Photo: www.wikipedia.org

Tous les matins, le bus qui fait la navette entre les deux campus de l’université traverse le Chang Jiang, qu’on appelait autrefois le Yangtsé Kiang, ou, en orthographe moderne, le Yangzi.

Pourquoi le surnomme-t-on le "Fleuve bleu" ? Je l'ignore. Il y règne une grisaille immense. Une eau opaque passe en petits bouillons.
Ce n’est pas un fleuve tranquille, c’est une énormité de la nature, une monstruosité qui effraie les étrangers.
Les bateaux avancent en file indienne, précautionneusement, comme des enfants à  la queue leu leu qui se tiennent par la main, en pleine nuit pour ne pas se perdre. De fait, sur la rive, on ne voit pas l’autre rive, tellement le fleuve est large, et tellement il fait gris.
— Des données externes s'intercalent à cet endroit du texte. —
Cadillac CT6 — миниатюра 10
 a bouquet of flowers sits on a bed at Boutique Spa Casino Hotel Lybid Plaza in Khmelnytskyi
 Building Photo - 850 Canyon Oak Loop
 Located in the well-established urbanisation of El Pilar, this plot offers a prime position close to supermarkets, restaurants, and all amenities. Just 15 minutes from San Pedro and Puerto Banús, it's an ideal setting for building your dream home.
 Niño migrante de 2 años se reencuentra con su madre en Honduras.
Sur le célèbre pont, le bus avance entre une haie de lampadaires à quatre lampes au style assez art déco, même s’ils datent des années soixante. Des statues monumentales ponctuent le trajet, des groupes de garçons et de filles en pierre, jeunes, costauds comme des dieux grecs, des livres et des outils à la main, feignent d’avancer dans toutes les directions pour conquérir le monde.


C’est-à-dire que c’était la première fois qu’on enjambait le Yangzi, ça méritait un brin de lyrisme dans la décoration, tout de même.

Tous les matins, les professeurs traversent le fleuve Yangzi, et ils le font avec modestie, sans se rendre compte que c'est un événement. S'ils traversaient le fleuve Amour, ils seraient tous à prendre des photos.

Ils sont pourtant tous au courant que ce pont fut une grande fierté pour les Chinois. Les Russes leur avaient dit que ce n'était pas possible, et c'est la première fois depuis la fin de l'Empire que les Chinois ont réalisé un ouvrage d'art sans aucune aide étrangère.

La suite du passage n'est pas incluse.